Fakat tüm bunlar özlenen büyümenin geri gelmesi için yeterli olmuyor. 2024 yılında Çin büyümesinin yüzde 4,5 civarında olmasını bekliyor Dünya Bankası. Bu 2023 yılına göre daralma anlamına geliyor. Gayrimenkul sektörü hala Çin’in yumuşak karnı ve bu süreci kazasız belasız atlatmak da çok güç. Bunun yanında zayıf küresel talebin ihracat üzerinde baskı oluşturması ve yavaşlayan iç talep büyümesinin metaller de dahil olmak üzere ithalatı engellemesi nedeniyle ticari büyümenin de 2024'te zayıf kalması çok muhtemel. Çin’in artan borçlarının yatırımları kısıtlaması, demografik olumsuzluklar gibi unsurların potansiyel büyümeyi olumsuz etkilemesi bekleniyor.
Çin büyüyemeyince küresel büyüme de olmuyor. Yani ne Çin ile ne de Çin’siz hayat mümkün.
Rapora göre gelişmiş ekonomilerde bankacılık sistemindeki stresin azalması ve enflasyonun gerilemesi nedeniyle küresel büyüme görünümüne ilişkin riskler Haziran 2023’ten bu yana bir miktar daha dengeli hale gelmiş durumda. İyileşme devam ettikçe riskler de aşağı yönlü olmaya devam ediyor.

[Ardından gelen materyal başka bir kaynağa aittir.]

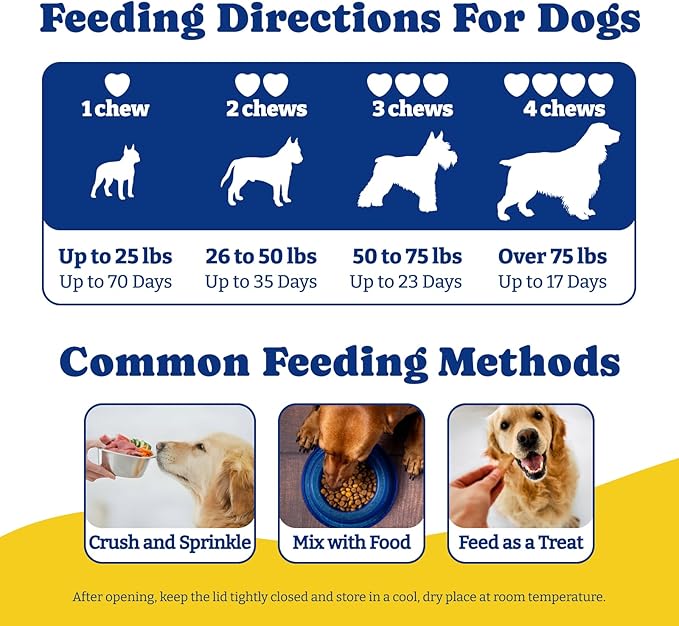 Probiotics for Dogs - Dog Probiotics for Gut, Immune & Skin Health - 6 Billion CFUs, 180 Soft Chews, Salmon & Blueberry Flavor - with Prebiotics & Digestive Enzymes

Buna karşılık jeopolitik riskler ve sıcak çatışma ortamı ihtimali büyüme önünde büyük bir risk olarak duruyor. 2024 yılının genelinde mevcut riskli bölgeler olası gerilim artışı ya da dünyanın başka bölgelerinde ortaya çıkabilecek jeopolitik gerilimlerin emtia piyasaları, ticaret ve finansal sistem üzerinde belirsizlik yaratması büyüme beklentileri üzerinde olumsuz etkileri olabilir. Zayıf büyüme, artan borçlar ve hâlâ yüksek olan faiz oranları, özellikle daha kırılgan gelişmekte olan gelişmekte olan ülkelerde finansal stres riskini artırıyor.
Raporun İklim Değişikliğine yönelik risk gösterimini başka bir yazıda ayrıntılı incelemek lazım.
Görünen o ki, 2024 yılının ana teması ‘Büyüme’ olacak gibi duruyor.